Your KLTS coach may ask you to perform a specific warm-up routine for the field test. If you’re not given a specific routine, warm-up by riding hard enough to sweat for 10 to 20 minutes, but do not go as hard as you can. (Yet.)

Step Four: Start the ride with power

Start with your dominant leg, place that right crank arm at the two o’clock position so you get the most power out of your first pedal stroke. If possible, ask a friend to hold you in position at the start. Select a gear that allows for a quick, stable start. Stay out of the saddle to build speed quickly. When you hit top pedal cadence in your starting gear, sit down and prepare to gear up. Don’t start too fast — give yourself at least one minute to reach top speed.

Step Five: Find your ideal gear

Select a gear that allows you to maintain a cadence between 90-95 RPM (crank revolutions per minute) on flat terrain and 80-85 RPM if climbing. Avoid the impulse to mash a big gear at slow RPM –the greater resistance will allow more leg-burning lactic acid to develop. The secret is to use the gearing that is most efficient for your personal riding style. This will take some experimentation along with discussion with your coach — watch your speed and/or heart rate as you use different gearing to help establish optimum cadence.

Step Six: Feel the burn

Settle into a steady rhythm of breathing. From here on, it’s going to hurt. If it isn’t hard and painful at this point, you’re not working hard enough. Pedal harder and faster.

Step Seven: Time yourself

Time your ride to the nearest second. Record the weather conditions, gearing used and your perceived effort (rated from 1-10) for the test.
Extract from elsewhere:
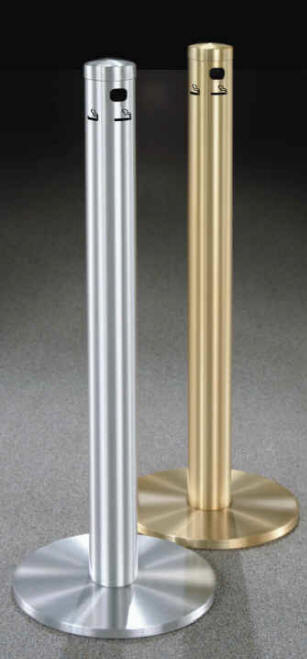 Glaro Cigarette Receptacle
Step Eight: Recovery between efforts

Between time trial efforts, you will be given 10 minutes recovery time before you need to repeat the effort. Normally, your KLTS coach will prescribe a very specific amount of recovery time between efforts. During this recovery period, ride slowly at low intensity, stopping only long enough to drink or eat as necessary. Staying on the bike will help flush the lactic acid from your muscles and help keep them ready and warm for the next effort.

Step Nine: Cool down

Finish the KLTS Field Test with an easy ride of 15-30 minutes of easy spinning to flush your system after the challenge. Record this information and send it to your KLTS coach for analysis.